President Trump is poised to issue a new executive order on immigration this week. It’s likely to be less sweeping than the initial ban so it has a better chance at passing legal muster. It will be implemented in the name of national security, but it will likely be based on the same dubious premise as before–that the people being barred, who are mostly Muslim, pose a significant threat to Americans, even if the evidence does not support this.
Still, it must be conceded that the argument behind the immigration ban had a certain plausibility for many Americans. For years, Americans have been told that (some) Muslims just hate the US because of our freedom. If that’s your understanding of what causes terrorism, banning some, or even all, Muslims from coming to the US probably doesn’t appear to be a crazy idea.
The case for restricting immigration from Mexico and securing the southern border of the US rests on a similar argument under Trump. As Trump said early on in his campaign, “When Mexico sends its people, they’re not sending their best…They’re bringing drugs. They’re bringing crime. They’re rapists. And some, I assume, are good people.” In the Trumpian worldview, it’s not that literally all Muslims or all Mexicans are going to cause harm. But he, and many of his followers, see them as a greater risk than normal. So restricting immigration as a preventative measure seems reasonable.
However, conservatives should be wary of this line of argument. Because when the exact same reasoning is applied in a different context, conservatives will be the most strident objectors.
In particular, consider the case of gun control. Here, the sides are reversed, but the argument is the same. Progressives support increased gun control because some people who buy guns do horrible things with them. No one would argue that all gun buyers are mass murderers or that every gun purchase is made with a nefarious intent. But, progressives would argue, there is a heightened risk that people buying guns could commit harm, so some preventative legislation seems reasonable.
The arguments are mirror images of each other. On immigration, conservatives argue that it is acceptable to restrict the freedom of some people (immigrants and foreign travelers) to increase safety, even though peaceful people will be adversely affected. On gun control, progressives hold that it is acceptable to restrict the freedom of some people (would-be gun buyers and gun owners) to increase safety, even though peaceful people will be adversely affected.

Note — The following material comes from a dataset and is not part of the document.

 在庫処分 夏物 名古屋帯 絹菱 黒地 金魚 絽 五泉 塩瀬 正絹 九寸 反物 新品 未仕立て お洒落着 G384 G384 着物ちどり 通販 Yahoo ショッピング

For progressives, this general line of reasoning fits in with their view of politics at large. They often emphasize the collective outcome over the individual, and they are not inherently skeptical of government action.
But this rationale ought to be repulsive to conservatives. It dispenses with any notion of individual liberty and replaces it with the worst sort of collectivism. It justifies expanding government power in order to punish individuals for crimes that were committed by others. This argument holds that people can be judged based on what they might do, not just what they actually have done. Once granted, that kind of power is begging to be abused.
Conservatives should think twice about cosigning on Trump’s immigration policies. The principle at stake here is the same principle at stake in the gun control debate–whether peaceful, law-abiding individuals should lose their freedoms because a few bad people commit atrocities. When it comes to gun control, conservatives usually side with individual liberty. They should be on the same side when it comes to immigration.